One of the major problems experienced by Web users is the amount of time needed to download data. As the speed and power of desktop computer has increased it has become possible for almost anyone with access to a PC to produce interactive web content using images, audio, and particularly video. Therefore, even though the available bandwidth of the Internet is increasing, the bandwidth requirements of the media available through it, and the number of users trying to access that information are also increasing. Although estimates vary wildly, the evidence is of massive, rapid, growth: the number of Web pages in September 1997 was 200M; the average time spent online in 1996 was 6.9 hours a week, and in 1997 9.8 hours; in 1997 there were an estimated 26M hosts, with 300,000 pages added to the net every week; information on the Internet doubles every year with 100 million people using the Internet, over 1.5 domain names, and a doubling of internet traffic every 100 days. These factors combine to ensure that the effective bandwidth available per person is still low enough to make the downloading of some Web content take a long time.
The browsing model on which the web is based exacerbates this problem. As hyperlinks are references to new information, users do not know exactly what that information is until it has been fully downloaded. If the data takes many minutes, or even hours, to download, the browsing model begins to break down, and finding information can become a time consuming, expensive, and frustrating task.
In the case of video the problems are more pronounced. Although video is a powerful communicative tool, especially for interactive web-based content, the large volume of raw data required for digital video sequences makes accessing video sequences from remote servers a time consuming and expensive task, with even small sequences taking many minutes or even hours to download. It would therefore be valuable to ensure that the video data being retrieved by the user is exactly that which meets their requirements.
Video has a number of properties that present a particular challenge to efficient storage and retrieval. These properties are (i) the high volume of data needed to encode even short sequences of video, (ii) the temporal component of video, and (iii) the opacity of video to computers.

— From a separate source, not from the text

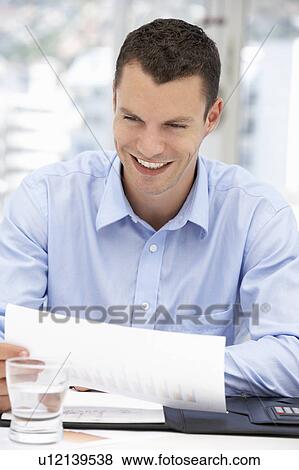 Stock Photo - Happy young businessman. Fotosearch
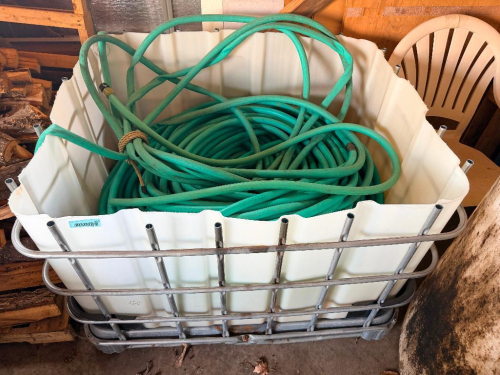 PLASTIC TOTE W/ LANDSCAPING HOSE. APPROX 200'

In the case of (i), data volume, the drawback of video as a medium is the sheer volume of raw data required to communicate and store it. A single frame of broadcast television in the United States, for example, consists of 525 lines of colour and luminance information: by sampling at the same horizontal and vertical frequencies (i.e. using square shaped pixels), and representing each pixel by three 8-bit colour values (one for each of the red, green, and blue colour channels), over a megabyte of memory is required to store a single television frame. Furthermore, because US television pictures are refreshed thirty times per second, it requires 33 megabytes of memory to store a single second of television content.
The second property that ensures that video is difficult to store and retrieve in a convenient and efficient manner is its spatio-temporality. Still images and text are spatial media: the information that they carry is spread out over an area in space, be it a sheet of paper, an artist’s canvas, or a computer screen, and it does not change over time. Images can be almost fully understood at a glance and a page of text can be read very quickly to identify which sections are relevant. Speech and other audio information by contrast are temporal media: it is meaningless to ask what sound can be heard at a given instant in time, because sound does not exist independently of time. The temporal nature of speech and other audio information presents a problem when trying to browse or navigate through such media, because neither their general structure, nor an overview of their contents can be quickly assessed.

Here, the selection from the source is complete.